Procedure to find a level curves

Question

I'm having trouble finding level curves. What's the procedure? In this case, for example:

$z=x^2+y^2=k$ $\hookrightarrow y=\sqrt(k-x^2)$

Then I sketch this based on knowing the formulas of circunference, parabola, ellipse, etc? Or do I sketch this based on first, second derivatives and general procedures of graph sketching?

Or every formula will lead to common things like hyperbole, parabola, circunferences,etc?

What should I focus my study on? Right now I'm not good in solving level curves problems...

Like finding level curves for this: $$ z=e^{x^2-y^2}$$

Thanks in advance.

Answer 1

In your first example, the proper solution is

$$y=\pm \sqrt{k-x^2}$$

You left out the plus-or-minus. That is not a small thing: there are usually two values of $y$ for each $x$, and that greatly affects the plotting of the curves.

I would say that there is no single general method for finding level curves, in a similar way that there is no general way to solve a fifth-degree polynomial and no general way to find the antiderivative of a function. There are some techniques that sometimes work, but nothing always works. The general problem is just too complicated.

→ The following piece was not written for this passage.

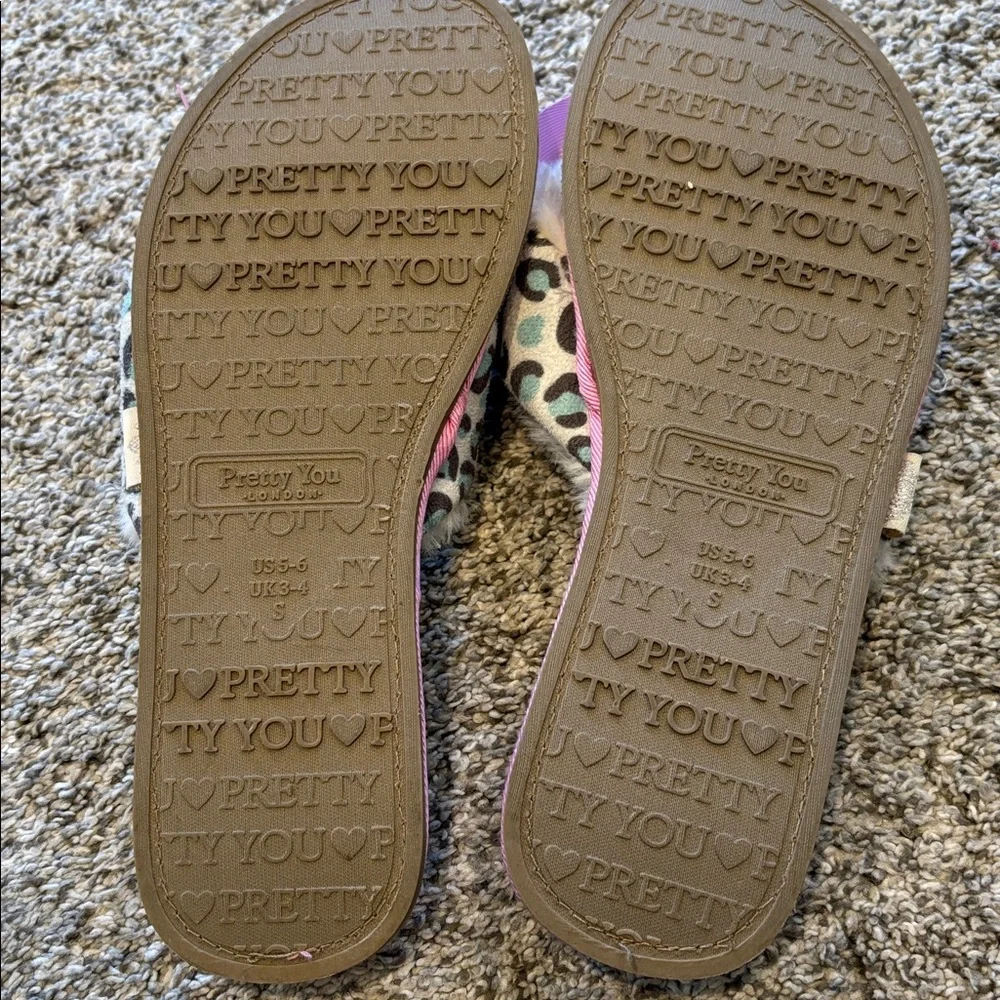 Pretty You London Slippers - Picture 3 of 4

In a given problem, you should first look to see if it does reduce to a familiar problem such as a parabola, ellipse, etc. If not, you can use the derivatives to sketch the curve. Don't forget to try some particular values of $x$ or $y$ to find a few key points on the curve.

In your last example, if $z$ is constant then so is $x^2-y^2$. This should look familiar, as the level curves for that are hyperbolas.

If you want to improve, first get comfortable with the conic sections (points, lines, double lines, circles, ellipses, parabolas, and hyperbolas). You could then move on to more complicated ones.

Answer 2

Either you use a computer, or you sketch the curves based on recognizing the equation as something you already know.

In the first case you should recognize $x^2+y^2=k$ as the equation for a circle with radius $\sqrt k$ rather than try to rewrite it to get $y$ as a function of $x$.

Similarly for $e^{x^2-y^2}=k$ you would first take the logarithm on both sides to get $x^2-y^2=\log k$ and then recognize the latter as a hyperbola with asymptotes $x=\pm y$ -- or, when $\log k=0$, the crossing lines $x=\pm y$ themselves.

Of course you're not always going to get something you recognizing. In that case it is either the computer, or a lot of labor with pencil and paper to find enough points to connect them freehand.